Shark mackerel are most often a by-catch for anglers targeting other pelagic fish such as tuna and Spanish Mackerel so rig big – you don’t want to lose other prized pelagics if they jump on the line.
- Rod For Trolling 5’6 – 7ft 8-24kg (depending on line choice)
- Rod For Casting – 7-10ft 10-30kg (depending on line choice and location)
- Reel – Trolling. Spin or Overhead is fine as long as it has a fairly strong drag and minimum 200 meters of line
- Reel – Casting. Spin and make it strong! Fishing from the shore casting means that you can’t chasing the fish to gain line and you need to wrangle him up over rocks on some occasions
- Line – At least 20lb braid with 40lb leader – most ideally 50lb with 80lb leader
- Wire? – YES, they have razor sharp teeth that will pop your line without you even seeing the bite on some occasions! That said, I have landed many without wire (lost many too), so don’t feel it’s game over if you happen to leave the wire at home. Recommended wire 30cm-60cm of 40-100lb.
Baits & Lures
Trolling lures fairly fast from 5 knots up to 10 knots is best, these fish have no problem hunting down a scattering bait fish and same applys for chasing lures.

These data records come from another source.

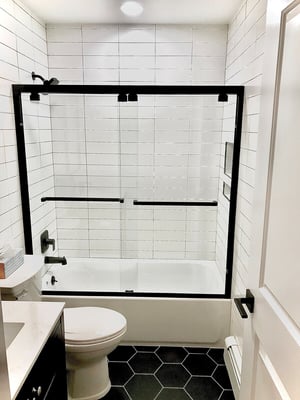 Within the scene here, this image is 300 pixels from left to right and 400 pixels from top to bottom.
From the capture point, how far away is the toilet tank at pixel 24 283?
159 cm

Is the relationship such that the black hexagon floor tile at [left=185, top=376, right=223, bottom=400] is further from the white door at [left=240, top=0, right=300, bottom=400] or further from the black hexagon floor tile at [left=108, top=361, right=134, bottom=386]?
the white door at [left=240, top=0, right=300, bottom=400]

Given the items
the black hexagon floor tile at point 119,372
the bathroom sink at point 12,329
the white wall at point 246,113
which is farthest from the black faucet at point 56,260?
the white wall at point 246,113

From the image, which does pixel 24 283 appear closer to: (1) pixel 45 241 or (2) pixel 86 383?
(2) pixel 86 383

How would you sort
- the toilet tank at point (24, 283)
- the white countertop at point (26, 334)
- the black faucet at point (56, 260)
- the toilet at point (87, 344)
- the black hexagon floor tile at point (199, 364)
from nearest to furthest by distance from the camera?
the white countertop at point (26, 334), the toilet tank at point (24, 283), the toilet at point (87, 344), the black hexagon floor tile at point (199, 364), the black faucet at point (56, 260)

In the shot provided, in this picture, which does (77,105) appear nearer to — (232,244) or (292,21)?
(232,244)

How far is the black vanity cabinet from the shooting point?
114 centimetres

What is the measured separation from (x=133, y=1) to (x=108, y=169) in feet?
4.47

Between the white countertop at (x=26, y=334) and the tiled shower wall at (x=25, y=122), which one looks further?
the tiled shower wall at (x=25, y=122)

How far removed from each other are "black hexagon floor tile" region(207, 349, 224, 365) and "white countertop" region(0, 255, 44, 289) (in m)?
1.43

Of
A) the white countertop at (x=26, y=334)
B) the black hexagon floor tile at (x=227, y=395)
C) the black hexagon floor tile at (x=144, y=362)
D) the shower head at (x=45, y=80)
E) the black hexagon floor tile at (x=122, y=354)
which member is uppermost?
the shower head at (x=45, y=80)

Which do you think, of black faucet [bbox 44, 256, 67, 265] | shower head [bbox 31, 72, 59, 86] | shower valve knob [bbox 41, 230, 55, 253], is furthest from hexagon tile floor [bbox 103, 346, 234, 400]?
shower head [bbox 31, 72, 59, 86]

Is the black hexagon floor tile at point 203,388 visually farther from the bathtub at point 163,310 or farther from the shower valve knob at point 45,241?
the shower valve knob at point 45,241

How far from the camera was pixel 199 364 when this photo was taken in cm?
225

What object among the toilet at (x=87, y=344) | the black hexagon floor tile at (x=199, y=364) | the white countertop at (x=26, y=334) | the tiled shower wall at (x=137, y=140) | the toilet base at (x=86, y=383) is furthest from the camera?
the tiled shower wall at (x=137, y=140) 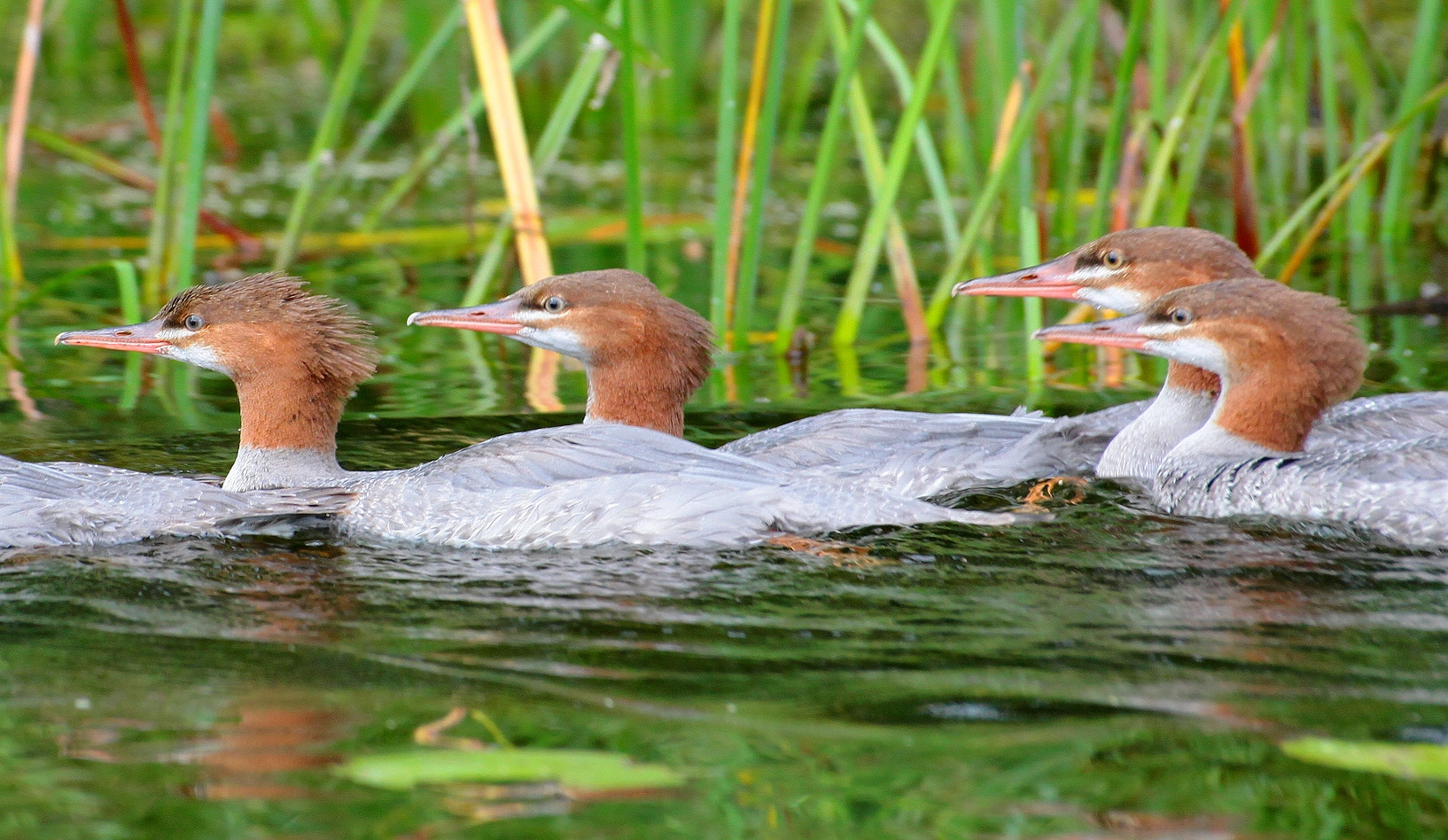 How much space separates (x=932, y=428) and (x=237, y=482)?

There are many lures to choose from when casting or trolling. Bibbed lures would be my choice but try not to go larger than 150mm – Shark Mackerel often feed on smaller baitfish. For casting featherheads, metals or soft plastics works well too, just don’t expect them to handle too many mackerel attacks!
Tips to remember
Sharkies can be great fun when they are on, so keep your eyes open for the usual signs such as bait schools or diving birds.
When the sun gets higher in the sky fish your baits deeper. Mackerel do not have reteners that alter according to the light like we do so they go up and down the water column to cope with the glaring light.
Don’t troll into the sun – it blinds them from seeing the baits just like you and I.
If you are going to keep a Shark Mackerel be sure to bleed him well. These fish have a very strong yeast smell so by bleeding them well the flesh isn’t too fishy and can be a wonderful feed for all.